The problem
If pictures appear among the lines below, leave them out while you return exactly the lines from the one with "I have taken" through the one with "And thanks for".

Records supplied
__________
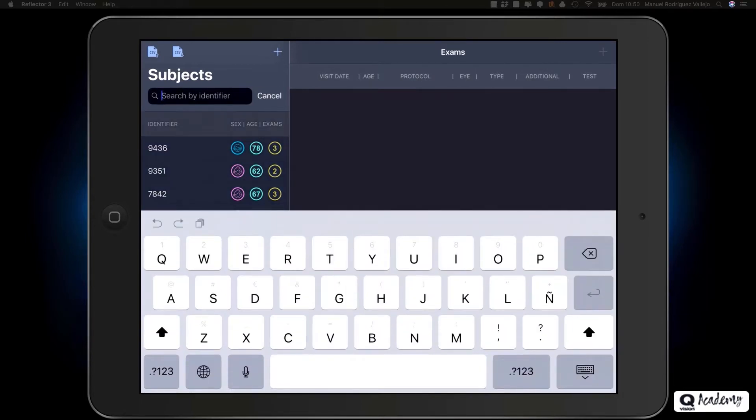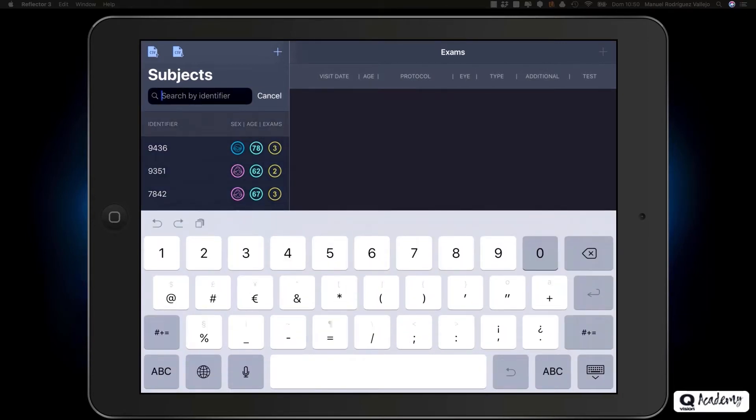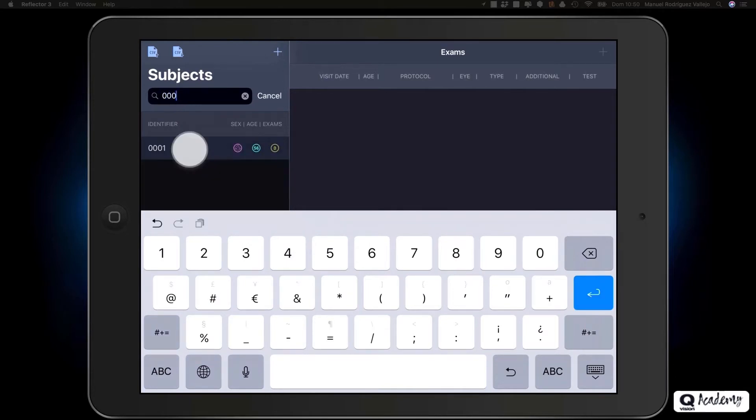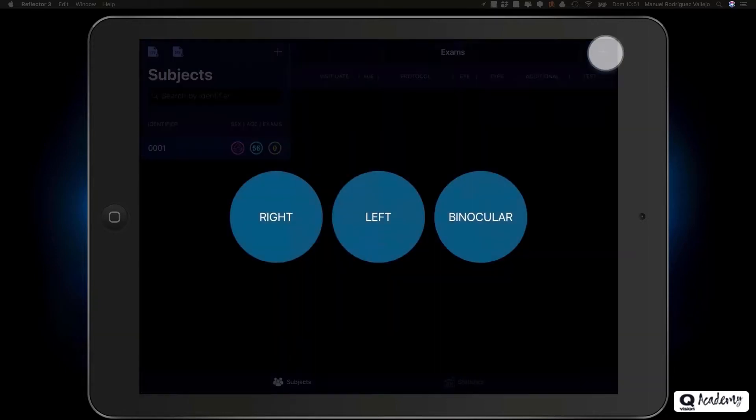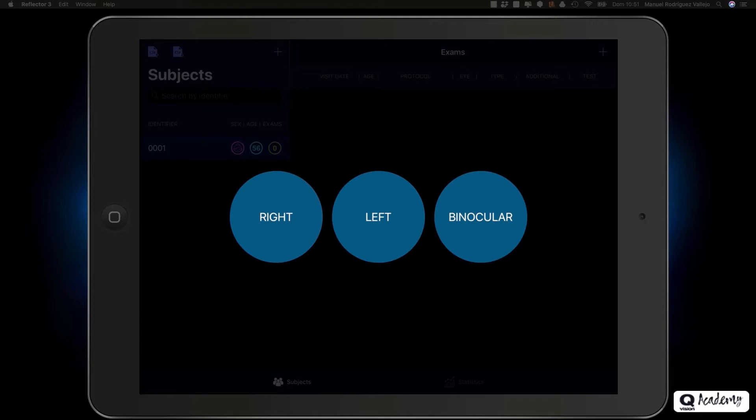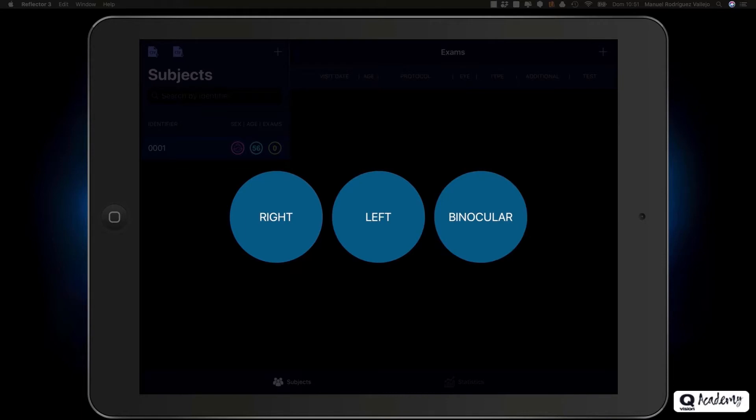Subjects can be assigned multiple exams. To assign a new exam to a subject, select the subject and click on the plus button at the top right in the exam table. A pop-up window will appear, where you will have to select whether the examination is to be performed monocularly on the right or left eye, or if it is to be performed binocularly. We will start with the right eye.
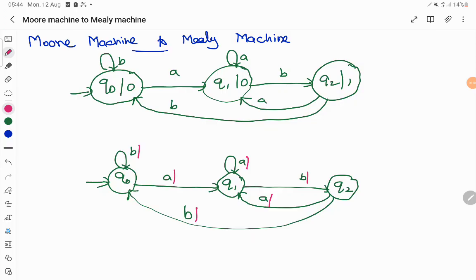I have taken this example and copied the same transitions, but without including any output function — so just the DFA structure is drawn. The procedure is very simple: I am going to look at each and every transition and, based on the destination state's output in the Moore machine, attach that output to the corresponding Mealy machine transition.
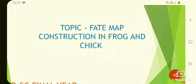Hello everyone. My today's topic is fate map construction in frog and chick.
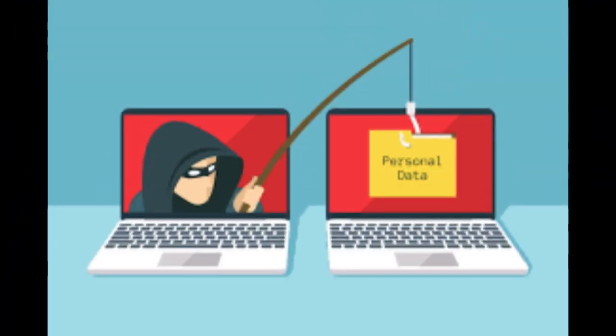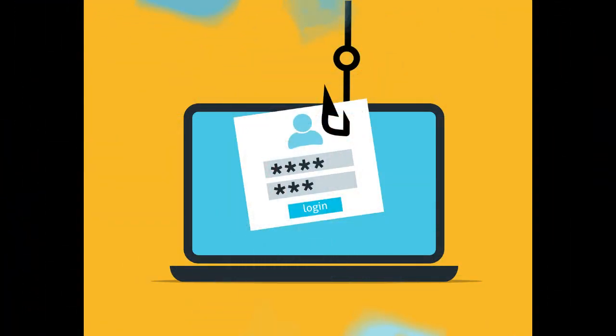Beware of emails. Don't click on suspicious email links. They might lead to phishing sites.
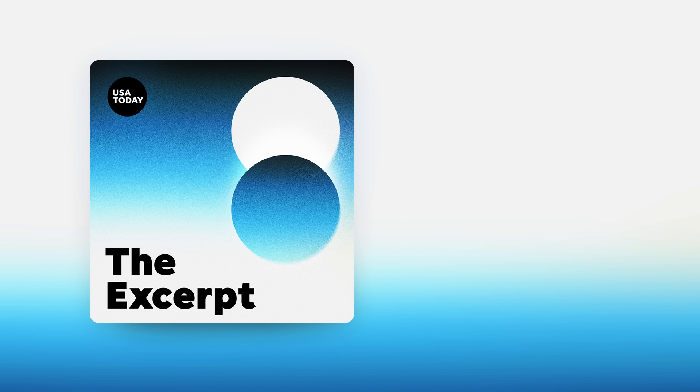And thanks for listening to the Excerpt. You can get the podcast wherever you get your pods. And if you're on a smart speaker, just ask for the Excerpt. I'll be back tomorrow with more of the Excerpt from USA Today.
__________
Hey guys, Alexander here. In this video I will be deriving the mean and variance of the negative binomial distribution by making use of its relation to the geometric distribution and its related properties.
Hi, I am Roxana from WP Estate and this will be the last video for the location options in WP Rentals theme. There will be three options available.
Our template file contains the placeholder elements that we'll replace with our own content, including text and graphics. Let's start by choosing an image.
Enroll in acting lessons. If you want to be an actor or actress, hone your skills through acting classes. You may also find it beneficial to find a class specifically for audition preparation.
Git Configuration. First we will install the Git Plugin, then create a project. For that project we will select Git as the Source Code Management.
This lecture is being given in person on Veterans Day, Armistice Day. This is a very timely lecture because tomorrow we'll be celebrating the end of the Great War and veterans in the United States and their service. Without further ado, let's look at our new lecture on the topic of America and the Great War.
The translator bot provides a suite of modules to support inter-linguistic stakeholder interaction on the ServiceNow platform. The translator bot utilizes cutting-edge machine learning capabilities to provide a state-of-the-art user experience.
__________
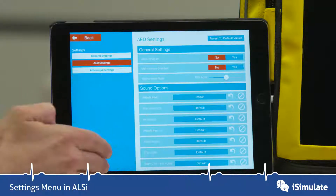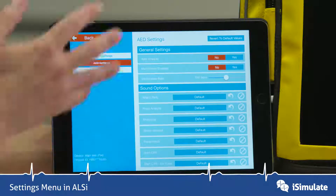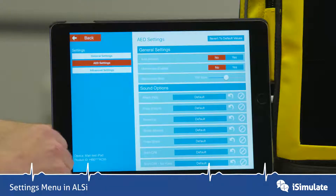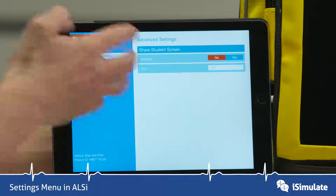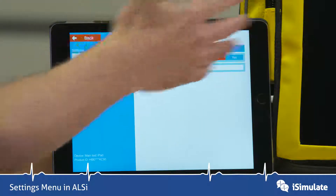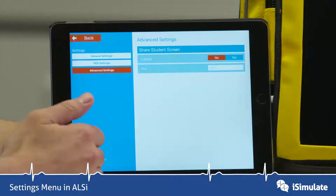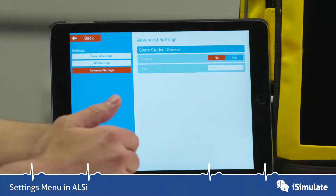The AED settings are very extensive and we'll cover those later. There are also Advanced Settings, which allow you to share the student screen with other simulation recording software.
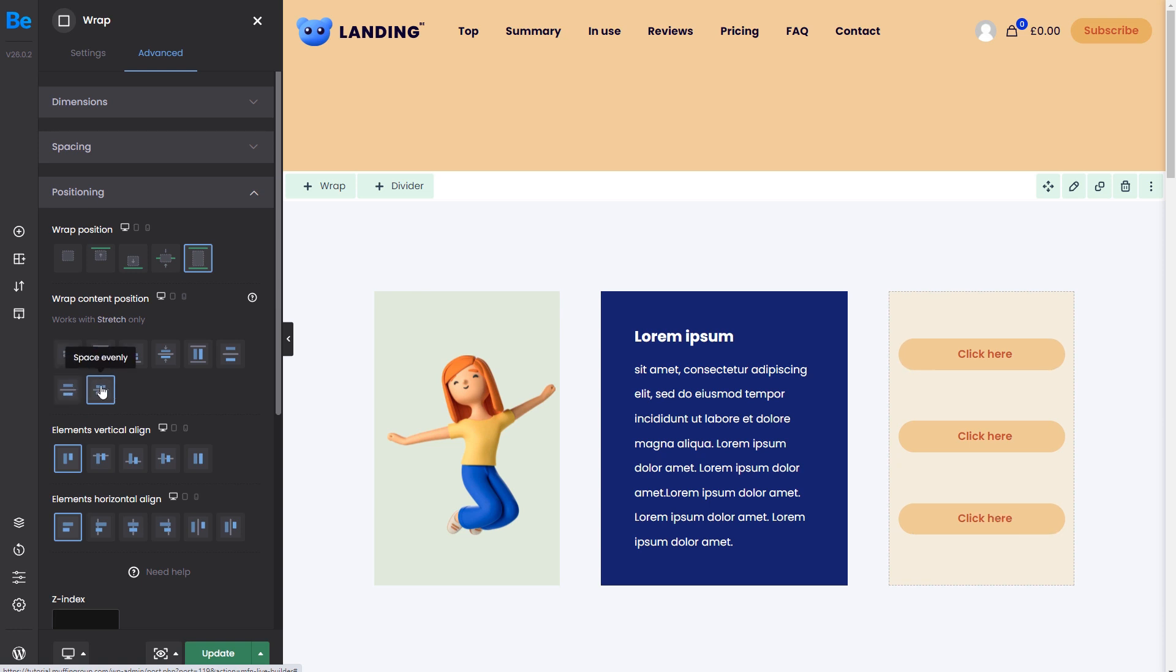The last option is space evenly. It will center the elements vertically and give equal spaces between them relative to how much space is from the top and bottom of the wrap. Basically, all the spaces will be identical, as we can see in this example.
__________
Response area
I have taken this example and copied the same transitions, but without including any output function — so just the DFA structure is drawn. The procedure is very simple: I am going to look at each and every transition and, based on the destination state's output in the Moore machine, attach that output to the corresponding Mealy machine transition.
Hello everyone. My today's topic is fate map construction in frog and chick.
Beware of emails. Don't click on suspicious email links. They might lead to phishing sites.
And thanks for listening to the Excerpt. You can get the podcast wherever you get your pods. And if you're on a smart speaker, just ask for the Excerpt. I'll be back tomorrow with more of the Excerpt from USA Today.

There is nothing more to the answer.